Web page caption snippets
——

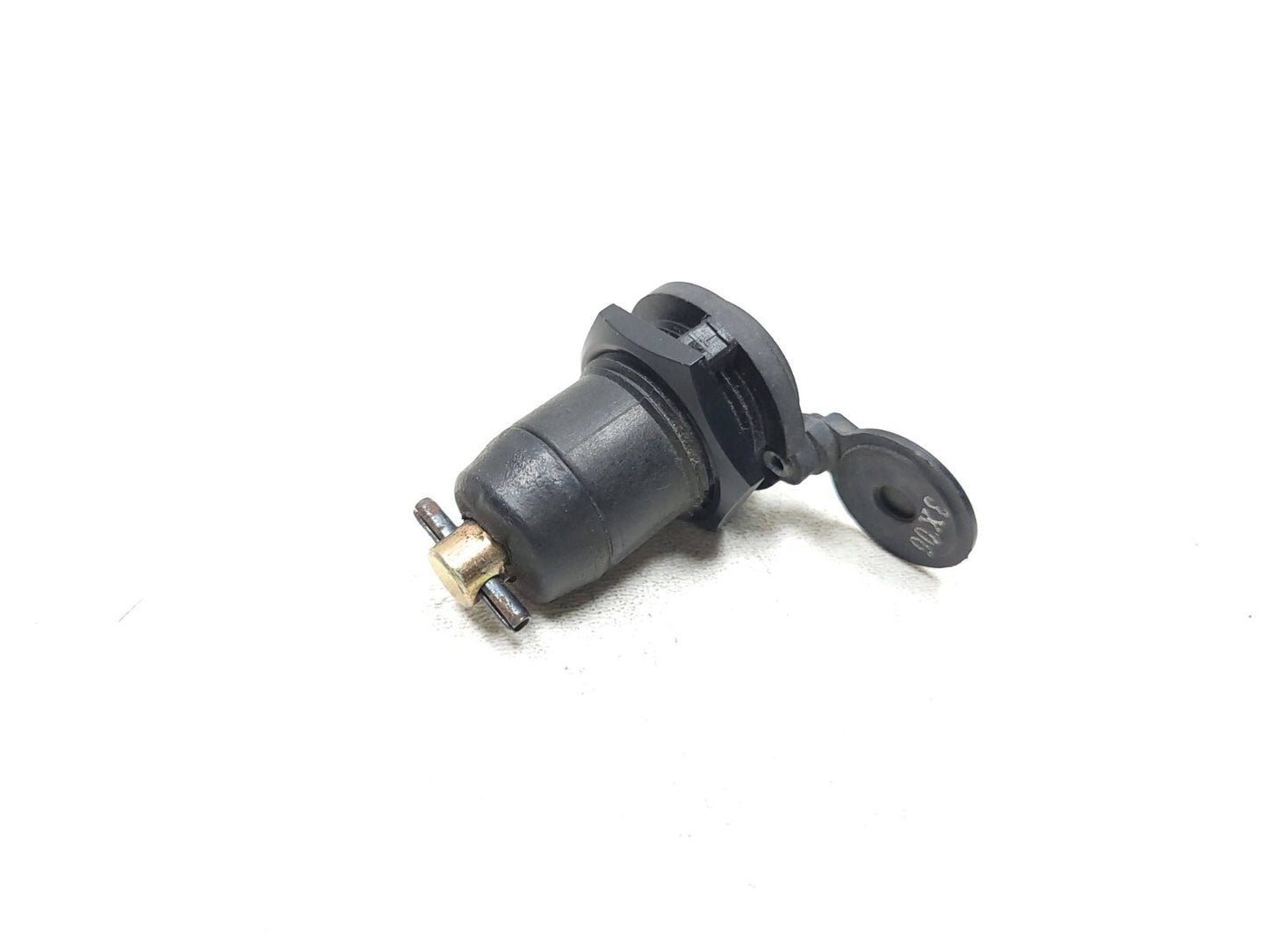 2000 - 2010 Yamaha V Star 650 Xvs650 Classic Ignition Set Key Lock OEM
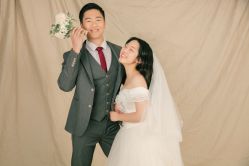 -绿皮火车照相馆 婚纱照旅拍(厦门店)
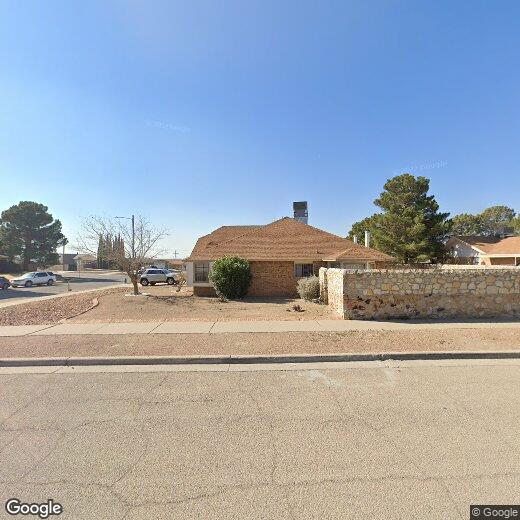 Primary Photo - 8520 Saratoga Dr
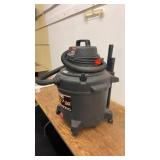 Shop-Vac QSP 16 Gallon Wet/Dry Vacuum Cleaner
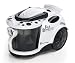 Russell Hobbs 14164 2000W Dalmation Bagless Tornado Vac with 3 ltr capacity and 6 stage HEPA filtration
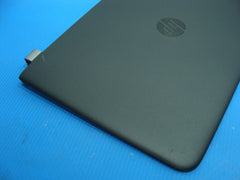 HP Probook 450 G3 15.6" Genuine Matte FHD LCD Screen Complete Assembly Black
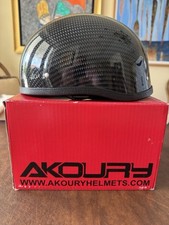 Akoury hamrhead smallest for sale  Miami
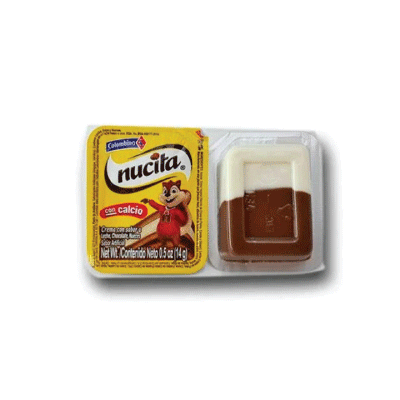 Nucita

——

Retype the line containing "Shop-Vac QSP 16" and each line after it through the last line of the entries above, exactly, with no pictures and nothing else.

 Shop-Vac QSP 16 Gallon Wet/Dry Vacuum Cleaner
 Russell Hobbs 14164 2000W Dalmation Bagless Tornado Vac with 3 ltr capacity and 6 stage HEPA filtration
 HP Probook 450 G3 15.6" Genuine Matte FHD LCD Screen Complete Assembly Black
 Akoury hamrhead smallest for sale  Miami
 Nucita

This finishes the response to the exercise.